I've been listening to Infinite Jukebox's rendition of "Frontier Psychiatrist" for the last 10 minutes. Pretty awesome.

I've got on my to do list something similar, feed the raw wave data from some pop songs into an RNN and then see what the resulting music sounds like.

Am I a fool for trying? It would be a lot of data compared to a midi track.

I'd suggest feeding the raw FFT transform into the RNN, then translating back to normal sound afterwards. Raw sound has an awful lot of just bouncing up and down... a RNN isn't going to be any better at you than figuring out what's going on from there, whereas the FFT view of a song is much more meaningful... I can glance at one and at least have an idea of what the song is doing.

I'm still not all that optimistic, frankly, but it'll be better than raw data. Some further experimentation with different encoding might be necessary.

That said, I'd put $10 bucks that just putting an FFT representation through wouldn't necessarily produce a new pop song, but it would sound uniquely spooky, I bet. If nothing else you might have something you can hook up to some speakers next Halloween and make some kids cry.

This is pretty hard - we use raw data for speech [1, talked about in comment above] but it still needs some work to do really good synthesis. FFT is not really the way to go either - then you still need to deal with the problems of complex data which is very, very unpleasant. Most people use FFT -> IDCT (cepstrum) or a filtered version (mel-frequency cepstral coefficients, MFCC). This can work but it is a lot of domain knowledge.

One thing we tried in early testing, but did not pursue farther was vector quantized X (where X is MFCCs, LPC, LSF, FFT, cepstrum). Basically you use K-means to find clusters for some large number of K, then simply assign every real value (or real-valued vector) to the closest cluster. The cluster mapping becomes a codebook, and your problem goes from input vectors like [0.2, 0.7, 0.111, ...] to [0, 1, 0, ...] where the length of the vector of 0s and 1s is the number clusters K.

This is a much easier learning problem, and closely corresponds to most "bag-of-words" or word-level models. The quantization is lossy but for large enough K I do not think it would be noticeable. After all, we listen to discrete audio every day, all the time in wav format :)

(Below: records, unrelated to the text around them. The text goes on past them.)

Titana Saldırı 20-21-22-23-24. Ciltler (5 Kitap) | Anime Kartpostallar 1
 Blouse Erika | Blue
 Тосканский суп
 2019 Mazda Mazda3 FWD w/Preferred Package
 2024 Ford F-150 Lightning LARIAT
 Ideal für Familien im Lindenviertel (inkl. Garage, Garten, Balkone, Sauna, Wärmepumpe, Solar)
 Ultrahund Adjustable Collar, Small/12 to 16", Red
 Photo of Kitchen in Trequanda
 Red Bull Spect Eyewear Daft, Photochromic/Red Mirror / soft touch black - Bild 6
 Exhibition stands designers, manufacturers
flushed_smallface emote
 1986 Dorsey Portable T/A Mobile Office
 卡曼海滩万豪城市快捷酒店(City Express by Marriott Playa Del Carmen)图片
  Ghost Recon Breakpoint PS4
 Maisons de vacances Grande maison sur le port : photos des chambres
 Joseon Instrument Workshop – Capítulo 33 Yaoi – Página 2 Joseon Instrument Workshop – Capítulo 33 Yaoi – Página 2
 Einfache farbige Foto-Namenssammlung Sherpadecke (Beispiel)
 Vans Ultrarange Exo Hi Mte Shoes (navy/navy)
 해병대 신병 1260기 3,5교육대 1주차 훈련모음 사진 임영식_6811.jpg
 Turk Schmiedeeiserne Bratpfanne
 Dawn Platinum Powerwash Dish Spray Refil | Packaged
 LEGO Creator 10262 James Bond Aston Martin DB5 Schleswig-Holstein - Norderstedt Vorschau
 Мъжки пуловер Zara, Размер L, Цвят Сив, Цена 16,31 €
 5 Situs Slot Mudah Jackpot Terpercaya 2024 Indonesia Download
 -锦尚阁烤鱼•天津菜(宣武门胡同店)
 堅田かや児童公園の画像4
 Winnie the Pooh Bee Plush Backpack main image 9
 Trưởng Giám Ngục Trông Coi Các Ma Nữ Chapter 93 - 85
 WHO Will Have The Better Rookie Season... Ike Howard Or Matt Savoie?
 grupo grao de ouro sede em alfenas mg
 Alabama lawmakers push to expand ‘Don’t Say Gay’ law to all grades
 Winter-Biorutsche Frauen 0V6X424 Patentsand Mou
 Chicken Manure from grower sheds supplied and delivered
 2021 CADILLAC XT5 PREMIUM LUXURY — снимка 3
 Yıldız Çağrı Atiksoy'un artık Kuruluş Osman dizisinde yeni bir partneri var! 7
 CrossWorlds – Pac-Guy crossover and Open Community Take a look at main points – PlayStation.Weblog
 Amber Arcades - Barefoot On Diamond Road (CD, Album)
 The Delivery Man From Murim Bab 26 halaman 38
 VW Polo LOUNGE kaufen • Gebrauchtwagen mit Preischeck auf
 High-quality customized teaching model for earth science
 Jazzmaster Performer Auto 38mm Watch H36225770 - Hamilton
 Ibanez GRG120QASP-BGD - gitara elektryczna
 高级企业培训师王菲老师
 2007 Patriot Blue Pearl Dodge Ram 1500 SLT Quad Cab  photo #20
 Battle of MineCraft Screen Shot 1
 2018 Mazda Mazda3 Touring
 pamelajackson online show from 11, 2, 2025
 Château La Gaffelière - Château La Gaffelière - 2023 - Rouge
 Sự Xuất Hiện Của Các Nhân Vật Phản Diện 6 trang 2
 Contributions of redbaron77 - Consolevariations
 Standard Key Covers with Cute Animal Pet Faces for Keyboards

To synthesize, you can either map codebook points back to the corresponding cluster center, or as most people do, map it to the cluster center with some small variance so you have a little bit of interesting variation.

[1] http://arxiv.org/abs/1506.02216

Thank you for expanding on my uninformed, off-the-cuff comment like that.

I was going to try the same thing but ran into trouble installing the RNN software dependencies.

Please try it and let us know how it turns out, good or bad.

This sounds pretty decent actually. I remember Stephen Wolfram's "A new kind of music" project which tried to generate music using cellular automata, with limited success.

This sounds much better in comparison!

A few weeks ago I used the same RNN that was used to produce kernel source code to produce MIDI files. It wasn't really a success, but it did generate mostly-valid MIDI files and independently discovered avant garde prog jazz.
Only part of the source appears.